## TASK TO CARRY OUT:
Type out each entry exactly.

## DATASET EXTRACT:

*** Begin section ***

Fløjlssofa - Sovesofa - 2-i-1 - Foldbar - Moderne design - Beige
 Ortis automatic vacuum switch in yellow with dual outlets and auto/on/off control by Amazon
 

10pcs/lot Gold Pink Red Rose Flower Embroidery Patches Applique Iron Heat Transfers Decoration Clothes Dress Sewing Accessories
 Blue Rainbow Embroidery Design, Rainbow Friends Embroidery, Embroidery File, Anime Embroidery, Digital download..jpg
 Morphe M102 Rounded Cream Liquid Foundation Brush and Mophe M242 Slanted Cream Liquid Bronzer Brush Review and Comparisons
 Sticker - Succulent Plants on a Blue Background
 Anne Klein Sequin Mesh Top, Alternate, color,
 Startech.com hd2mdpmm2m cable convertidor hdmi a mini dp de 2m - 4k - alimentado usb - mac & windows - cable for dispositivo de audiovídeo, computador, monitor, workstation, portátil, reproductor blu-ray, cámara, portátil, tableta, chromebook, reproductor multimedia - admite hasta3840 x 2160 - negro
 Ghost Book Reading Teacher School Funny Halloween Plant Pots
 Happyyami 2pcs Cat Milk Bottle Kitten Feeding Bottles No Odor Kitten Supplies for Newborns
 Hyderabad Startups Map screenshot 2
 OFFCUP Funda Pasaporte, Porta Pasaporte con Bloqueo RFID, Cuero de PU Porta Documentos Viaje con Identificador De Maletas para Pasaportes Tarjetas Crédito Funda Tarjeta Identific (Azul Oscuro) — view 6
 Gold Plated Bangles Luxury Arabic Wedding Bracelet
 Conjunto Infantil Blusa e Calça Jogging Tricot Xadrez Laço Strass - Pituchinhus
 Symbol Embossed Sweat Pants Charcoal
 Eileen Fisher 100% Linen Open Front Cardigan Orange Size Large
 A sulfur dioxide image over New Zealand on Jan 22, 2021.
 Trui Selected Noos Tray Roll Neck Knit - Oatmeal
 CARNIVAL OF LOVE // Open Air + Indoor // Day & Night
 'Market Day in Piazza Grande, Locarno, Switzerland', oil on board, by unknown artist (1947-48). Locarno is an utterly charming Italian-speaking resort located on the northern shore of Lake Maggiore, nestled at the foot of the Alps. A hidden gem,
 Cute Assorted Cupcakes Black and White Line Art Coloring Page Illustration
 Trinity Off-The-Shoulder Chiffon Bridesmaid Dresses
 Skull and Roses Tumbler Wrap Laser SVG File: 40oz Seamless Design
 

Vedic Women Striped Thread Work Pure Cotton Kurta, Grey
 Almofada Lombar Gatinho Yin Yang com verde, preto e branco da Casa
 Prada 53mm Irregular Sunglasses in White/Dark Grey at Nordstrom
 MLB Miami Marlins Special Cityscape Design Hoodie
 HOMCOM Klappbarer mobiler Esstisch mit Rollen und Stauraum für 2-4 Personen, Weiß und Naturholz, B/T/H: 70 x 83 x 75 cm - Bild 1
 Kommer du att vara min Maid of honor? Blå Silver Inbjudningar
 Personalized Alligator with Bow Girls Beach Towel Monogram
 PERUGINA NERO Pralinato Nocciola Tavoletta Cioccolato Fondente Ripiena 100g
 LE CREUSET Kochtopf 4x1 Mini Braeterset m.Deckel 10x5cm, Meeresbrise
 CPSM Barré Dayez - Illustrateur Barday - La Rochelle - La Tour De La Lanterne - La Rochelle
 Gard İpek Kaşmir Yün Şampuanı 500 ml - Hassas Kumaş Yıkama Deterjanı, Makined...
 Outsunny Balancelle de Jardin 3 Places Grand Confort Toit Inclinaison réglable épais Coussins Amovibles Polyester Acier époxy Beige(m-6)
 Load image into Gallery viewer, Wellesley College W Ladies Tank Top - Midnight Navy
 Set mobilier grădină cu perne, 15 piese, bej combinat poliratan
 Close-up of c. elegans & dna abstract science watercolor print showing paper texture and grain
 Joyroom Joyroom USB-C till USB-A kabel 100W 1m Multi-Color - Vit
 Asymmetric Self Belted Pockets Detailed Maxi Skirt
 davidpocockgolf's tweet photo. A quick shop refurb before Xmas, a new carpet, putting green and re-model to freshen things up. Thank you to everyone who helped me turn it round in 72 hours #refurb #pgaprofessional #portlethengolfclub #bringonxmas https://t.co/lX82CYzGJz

*** End section ***

## ANSWER AREA:
Fløjlssofa - Sovesofa - 2-i-1 - Foldbar - Moderne design - Beige
 Ortis automatic vacuum switch in yellow with dual outlets and auto/on/off control by Amazon
 

10pcs/lot Gold Pink Red Rose Flower Embroidery Patches Applique Iron Heat Transfers Decoration Clothes Dress Sewing Accessories
 Blue Rainbow Embroidery Design, Rainbow Friends Embroidery, Embroidery File, Anime Embroidery, Digital download..jpg
 Morphe M102 Rounded Cream Liquid Foundation Brush and Mophe M242 Slanted Cream Liquid Bronzer Brush Review and Comparisons
 Sticker - Succulent Plants on a Blue Background
 Anne Klein Sequin Mesh Top, Alternate, color,
 Startech.com hd2mdpmm2m cable convertidor hdmi a mini dp de 2m - 4k - alimentado usb - mac & windows - cable for dispositivo de audiovídeo, computador, monitor, workstation, portátil, reproductor blu-ray, cámara, portátil, tableta, chromebook, reproductor multimedia - admite hasta3840 x 2160 - negro
 Ghost Book Reading Teacher School Funny Halloween Plant Pots
 Happyyami 2pcs Cat Milk Bottle Kitten Feeding Bottles No Odor Kitten Supplies for Newborns
 Hyderabad Startups Map screenshot 2
 OFFCUP Funda Pasaporte, Porta Pasaporte con Bloqueo RFID, Cuero de PU Porta Documentos Viaje con Identificador De Maletas para Pasaportes Tarjetas Crédito Funda Tarjeta Identific (Azul Oscuro) — view 6
 Gold Plated Bangles Luxury Arabic Wedding Bracelet
 Conjunto Infantil Blusa e Calça Jogging Tricot Xadrez Laço Strass - Pituchinhus
 Symbol Embossed Sweat Pants Charcoal
 Eileen Fisher 100% Linen Open Front Cardigan Orange Size Large
 A sulfur dioxide image over New Zealand on Jan 22, 2021.
 Trui Selected Noos Tray Roll Neck Knit - Oatmeal
 CARNIVAL OF LOVE // Open Air + Indoor // Day & Night
 'Market Day in Piazza Grande, Locarno, Switzerland', oil on board, by unknown artist (1947-48). Locarno is an utterly charming Italian-speaking resort located on the northern shore of Lake Maggiore, nestled at the foot of the Alps. A hidden gem,
 Cute Assorted Cupcakes Black and White Line Art Coloring Page Illustration
 Trinity Off-The-Shoulder Chiffon Bridesmaid Dresses
 Skull and Roses Tumbler Wrap Laser SVG File: 40oz Seamless Design
 

Vedic Women Striped Thread Work Pure Cotton Kurta, Grey
 Almofada Lombar Gatinho Yin Yang com verde, preto e branco da Casa
 Prada 53mm Irregular Sunglasses in White/Dark Grey at Nordstrom
 MLB Miami Marlins Special Cityscape Design Hoodie
 HOMCOM Klappbarer mobiler Esstisch mit Rollen und Stauraum für 2-4 Personen, Weiß und Naturholz, B/T/H: 70 x 83 x 75 cm - Bild 1
 Kommer du att vara min Maid of honor? Blå Silver Inbjudningar
 Personalized Alligator with Bow Girls Beach Towel Monogram
 PERUGINA NERO Pralinato Nocciola Tavoletta Cioccolato Fondente Ripiena 100g
 LE CREUSET Kochtopf 4x1 Mini Braeterset m.Deckel 10x5cm, Meeresbrise
 CPSM Barré Dayez - Illustrateur Barday - La Rochelle - La Tour De La Lanterne - La Rochelle
 Gard İpek Kaşmir Yün Şampuanı 500 ml - Hassas Kumaş Yıkama Deterjanı, Makined...
 Outsunny Balancelle de Jardin 3 Places Grand Confort Toit Inclinaison réglable épais Coussins Amovibles Polyester Acier époxy Beige(m-6)
 Load image into Gallery viewer, Wellesley College W Ladies Tank Top - Midnight Navy
 Set mobilier grădină cu perne, 15 piese, bej combinat poliratan
 Close-up of c. elegans & dna abstract science watercolor print showing paper texture and grain
 Joyroom Joyroom USB-C till USB-A kabel 100W 1m Multi-Color - Vit
 Asymmetric Self Belted Pockets Detailed Maxi Skirt
 davidpocockgolf's tweet photo. A quick shop refurb before Xmas, a new carpet, putting green and re-model to freshen things up. Thank you to everyone who helped me turn it round in 72 hours #refurb #pgaprofessional #portlethengolfclub #bringonxmas https://t.co/lX82CYzGJz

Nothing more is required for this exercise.